What is required: As written and without pictures, set down the lines from the one that contains "Kahlenberg Afytos" through the end of the data.

Material for this task:
= Beginning of Section =

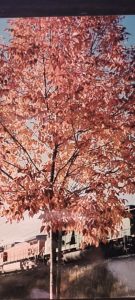red fall leaves on a tree in vancouver wa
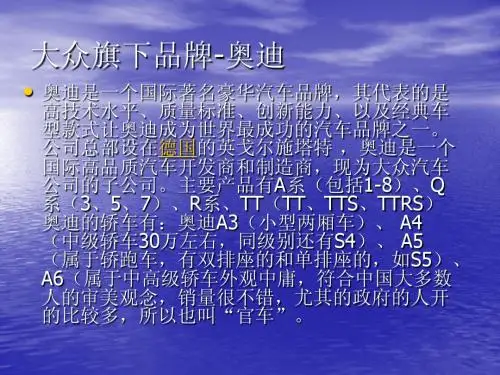 大众旗下品牌-奥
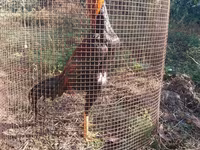 Chickens — fotografija 3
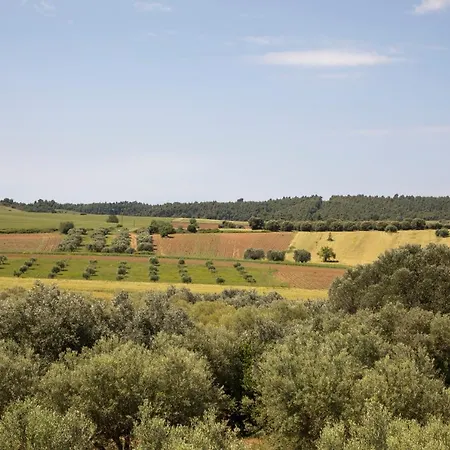 Kahlenberg Afytos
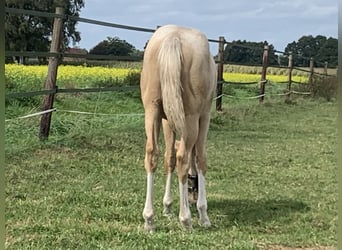 American Quarter Horse, Stute, Fohlen (04/2023), 150 cm, Palomino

= End of Section =

Solution for this problem:
 Kahlenberg Afytos
 American Quarter Horse, Stute, Fohlen (04/2023), 150 cm, Palomino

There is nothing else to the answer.